Shown below are entries with pictures; the line with "CGASPL Plants Aglaonema China Red Plant" through the line with "Mixed Breed dogs" is the span to retype exactly, and the pictures stay out.

Data extract:
———

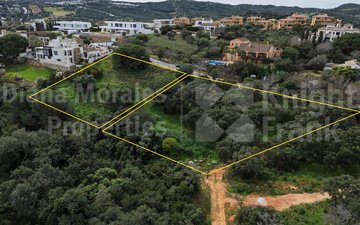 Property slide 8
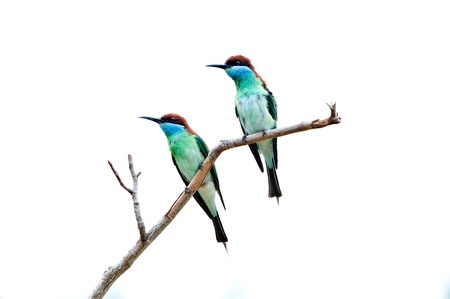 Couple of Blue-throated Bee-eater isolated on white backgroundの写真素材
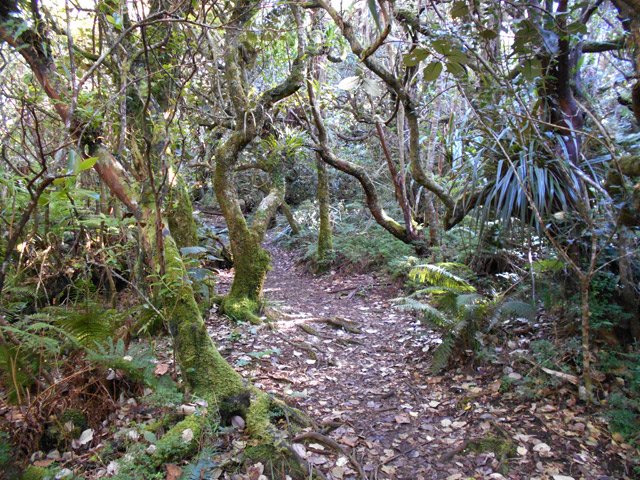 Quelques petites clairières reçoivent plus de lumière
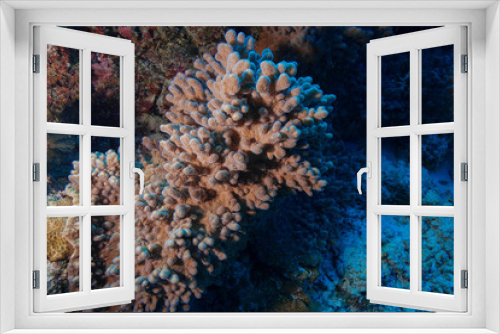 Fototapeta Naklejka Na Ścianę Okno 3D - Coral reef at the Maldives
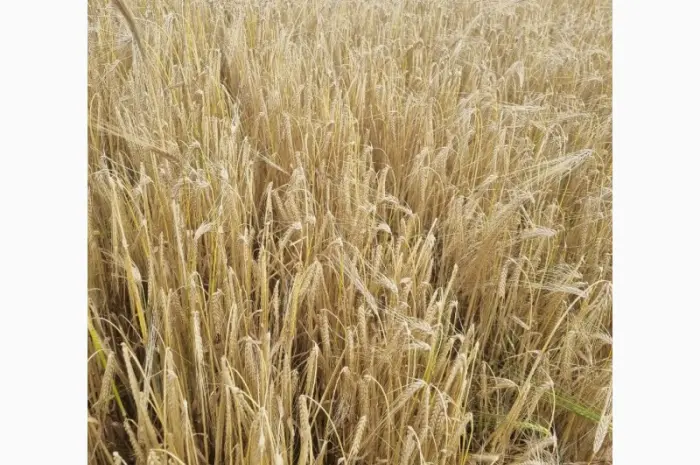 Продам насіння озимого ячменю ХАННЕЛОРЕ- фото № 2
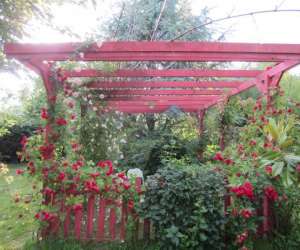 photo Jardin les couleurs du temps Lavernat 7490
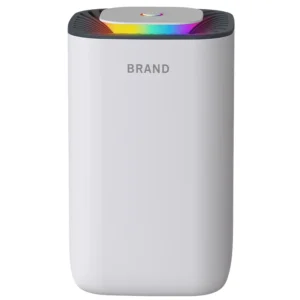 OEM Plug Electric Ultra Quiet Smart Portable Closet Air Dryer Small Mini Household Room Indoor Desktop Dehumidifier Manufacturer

———

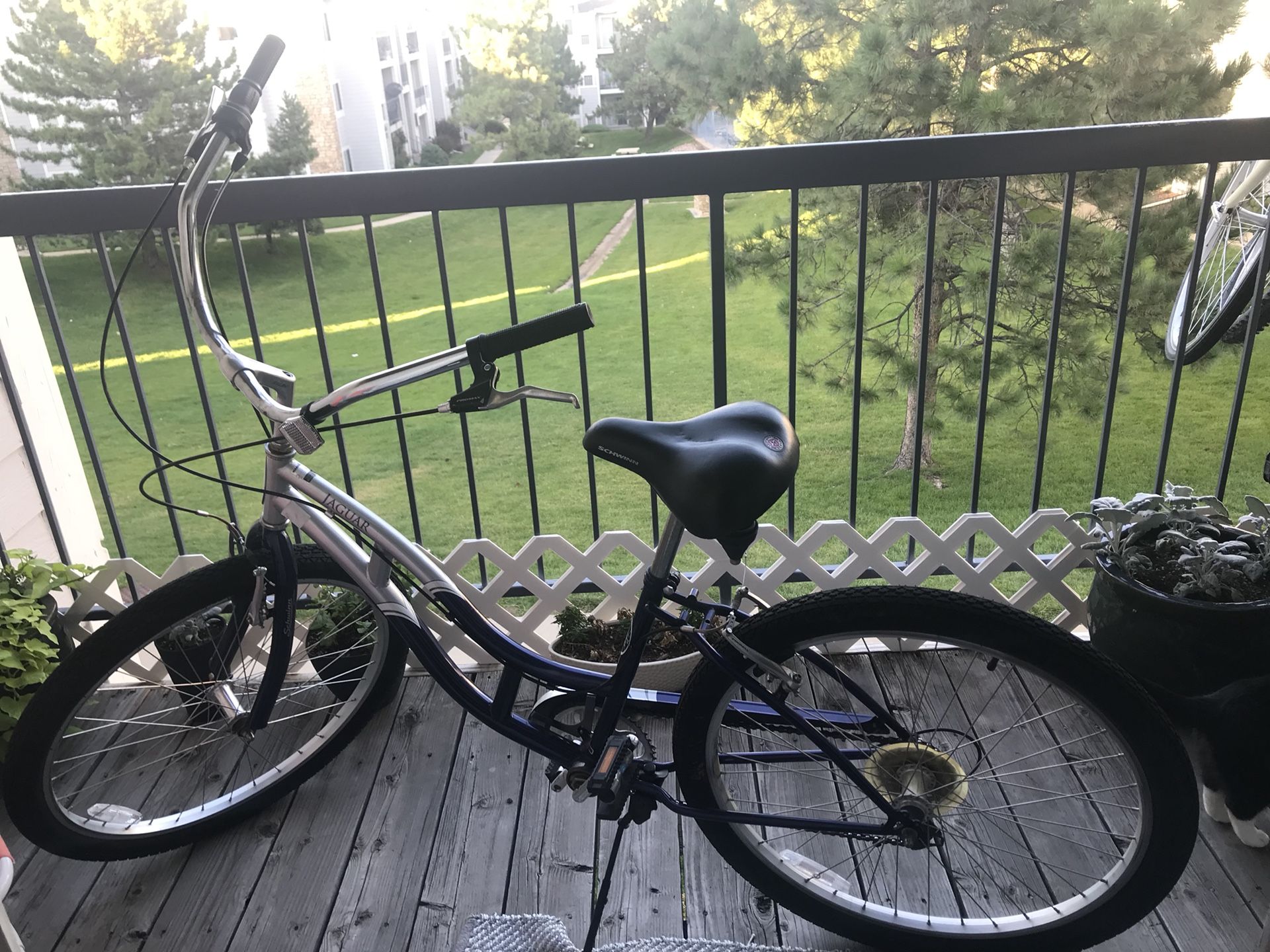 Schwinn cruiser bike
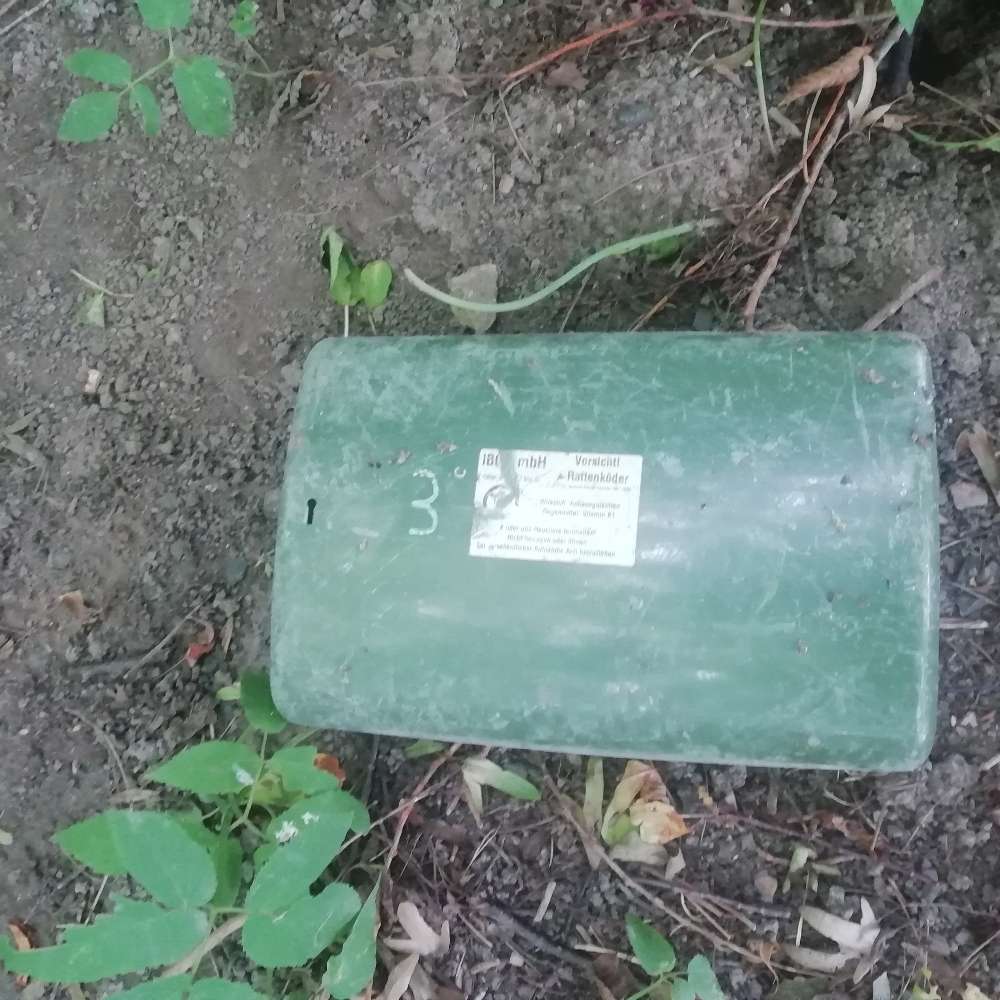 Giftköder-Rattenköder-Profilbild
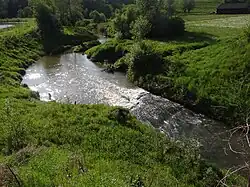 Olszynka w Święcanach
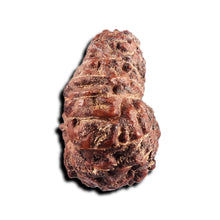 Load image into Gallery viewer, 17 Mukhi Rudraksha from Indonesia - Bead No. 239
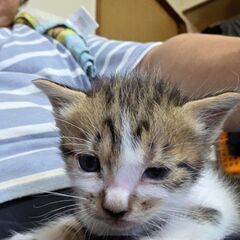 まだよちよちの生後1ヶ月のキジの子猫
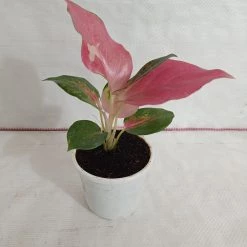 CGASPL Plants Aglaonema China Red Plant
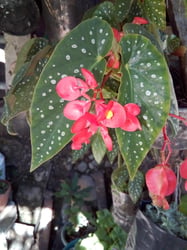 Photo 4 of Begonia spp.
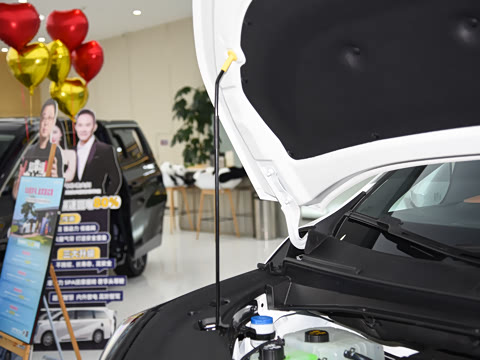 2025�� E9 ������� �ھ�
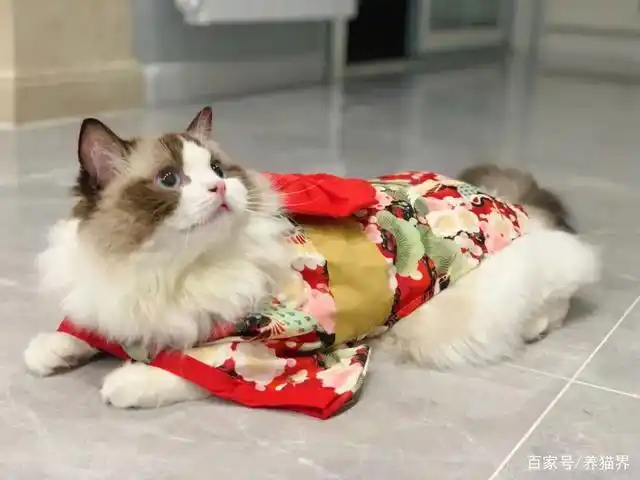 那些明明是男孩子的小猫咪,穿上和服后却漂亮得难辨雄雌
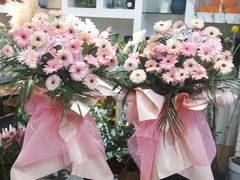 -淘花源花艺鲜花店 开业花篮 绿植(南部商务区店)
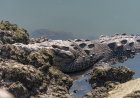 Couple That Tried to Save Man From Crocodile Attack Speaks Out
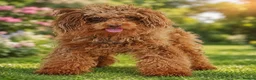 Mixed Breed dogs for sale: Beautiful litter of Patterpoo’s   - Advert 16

———

Problem solution:
 CGASPL Plants Aglaonema China Red Plant
 Photo 4 of Begonia spp.
 2025�� E9 ������� �ھ�
 那些明明是男孩子的小猫咪,穿上和服后却漂亮得难辨雄雌
 -淘花源花艺鲜花店 开业花篮 绿植(南部商务区店)
 Couple That Tried to Save Man From Crocodile Attack Speaks Out
 Mixed Breed dogs for sale: Beautiful litter of Patterpoo’s   - Advert 16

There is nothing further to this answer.